Peoples, I gots that tingle with the impermeable smile. The corny smile that I repeat in text, that gets returned. That, “Me, too!” That sappiness that you want to bottle up and savor for eternity, for when the shit (and the butterscotch-morsel cookie) starts to crumble. I am smiling. I am singing while driving to-and-from the office (including head bounces and driver-seat dancing much to the chagrin of my Carnegie Avenue commuters). Talking to old ladies in grocery stores about cans of pumpkin. Saying “Hi!” to strangers in hallways and crosswalks. I’m acting all goofy. I’m in the moment of 40-minute phone conversations. I’m also acting a good mood at work that the guys think I’m getting laid (heh).
Wow. I feel fucking fantastic.
So, without further ado, let’s smile, shall we?
I randomly smelled hot chocolate in my office this afternoon. And through the luxury of modern eateries (aka: Subway), I regularly smell baking bread through the HVAC — NOT hot chocolate.

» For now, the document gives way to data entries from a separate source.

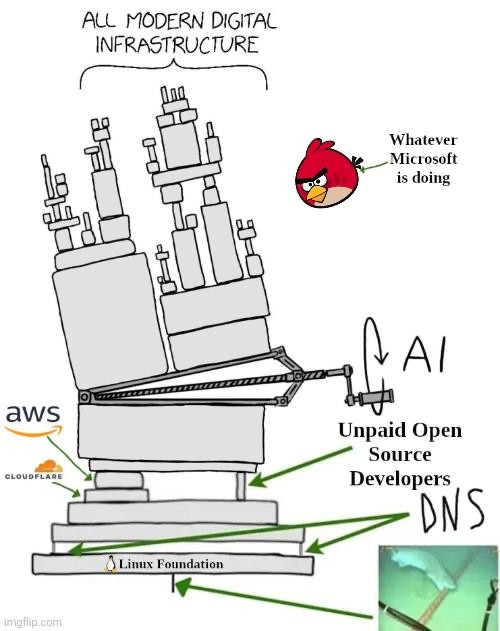 Cloudflare cae e Internet se para
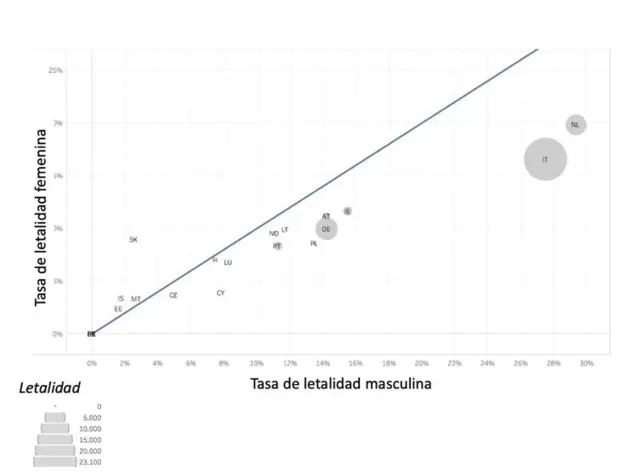 Figura 2. Comparación entre la tasa de letalidad fémina y masculinidad de diferentes países. Figura adaptada de (https://ec.europa.eu/jrc/en/publication/age-gender-and-territory-covid-19-infections-and-fatalities).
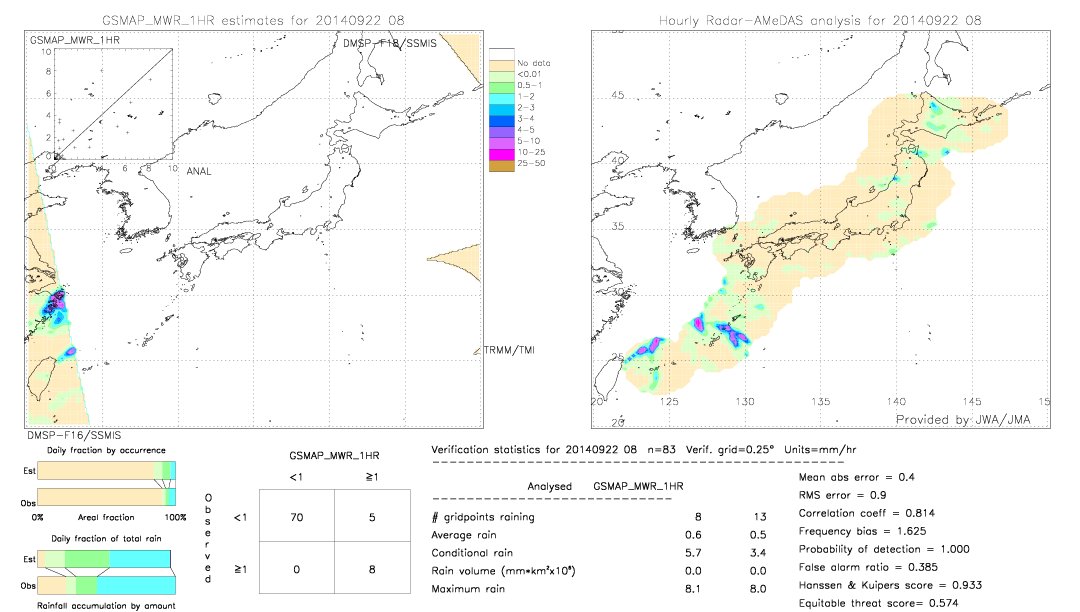 GSMaP MWR validation image.  2014/09/22 08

Regardless, I bundled up to get out of the office for a second (enjoying every piece of horizontal snow to hit my face) and walk down to the newly-renovated Starbucks in Cedar Hill. Nicely done, by the way…
I ordered my drink, but realized I might need a bit of an afternoon pick-me-up, so I asked for a quarter-filled regular coffee in that same cup. (Sounds weird, right? No, it’s actually a good way to balance out the gross chocolate that Starbucks serves). But I digress…
As I sipped a bit on my walk back up to my office, I realized how long it had been since I ordered my cocoa in this manner. Then, it all struck me: I suddenly thought about L, of all people! I got this big chocolate idea from L while we dated (ironic because we dated during baseball season). I received a flashback of his facial expression all cute-and-geeked about the barista getting it right and “YOU HAVE GOT TO TRY THIS! (in the sexiest Boston accent I can remember). To summon someone as such in the middle of a sip of warm goodness was strange. ed: I suck. This sentence has WAY too much alliteration, yet I cannot thesaurasus-ize any better options. Harumph. Smells remind us of the cologne of ex-boyfriends in passing or flipping (and drooling) through men’s magazines (Mmmm… Jean-Paul Gauthier still makes me quiver). A glimpse of an old car makes us laugh about our “first time” (certainly not mine). Certain songs reflect the awkwardness of junior high school when we tried to slow dance to Mr. Big (Oooh, Greg Orosz… *sigh*).
I haven’t thought about L in a while — he, being married and all now — but he made me smile regardless. No more anger or anything sinister. I suppose there have been others more deserving in the interim to replace. And yes, I’ll cop to a fucked-up drunken night of tearing through my file cabinet to find an old at&t bill with his number in a detailed statement just to say, “Randomly thought about you tonight.” Yeah, it may or may not have been last year… just saying, crazy drunken Bandwagoners.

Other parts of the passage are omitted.